## EXERCISE BRIEF
The lines below starting at the line containing "Hand embroidered needle" and ending at the line containing "Agrofarma Bryndza plnotučná" are to be repeated exactly, with both ends kept and nothing else added.

## DATA FOR THIS EXERCISE
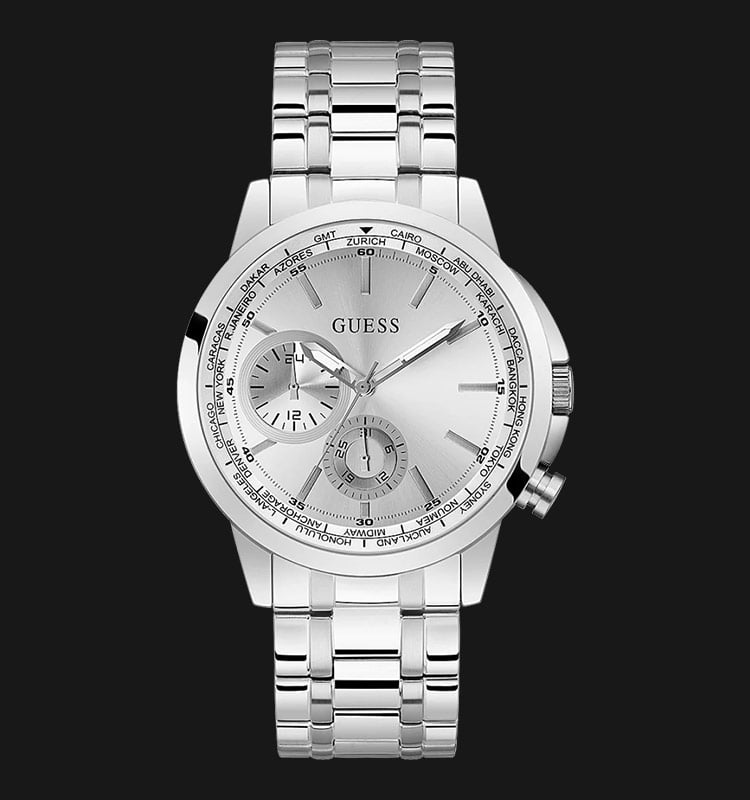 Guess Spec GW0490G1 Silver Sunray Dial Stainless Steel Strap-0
--
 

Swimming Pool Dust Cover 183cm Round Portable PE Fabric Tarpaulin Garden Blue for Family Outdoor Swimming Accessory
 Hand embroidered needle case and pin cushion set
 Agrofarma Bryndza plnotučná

## RESULT FOR THIS EXERCISE
 Hand embroidered needle case and pin cushion set
 Agrofarma Bryndza plnotučná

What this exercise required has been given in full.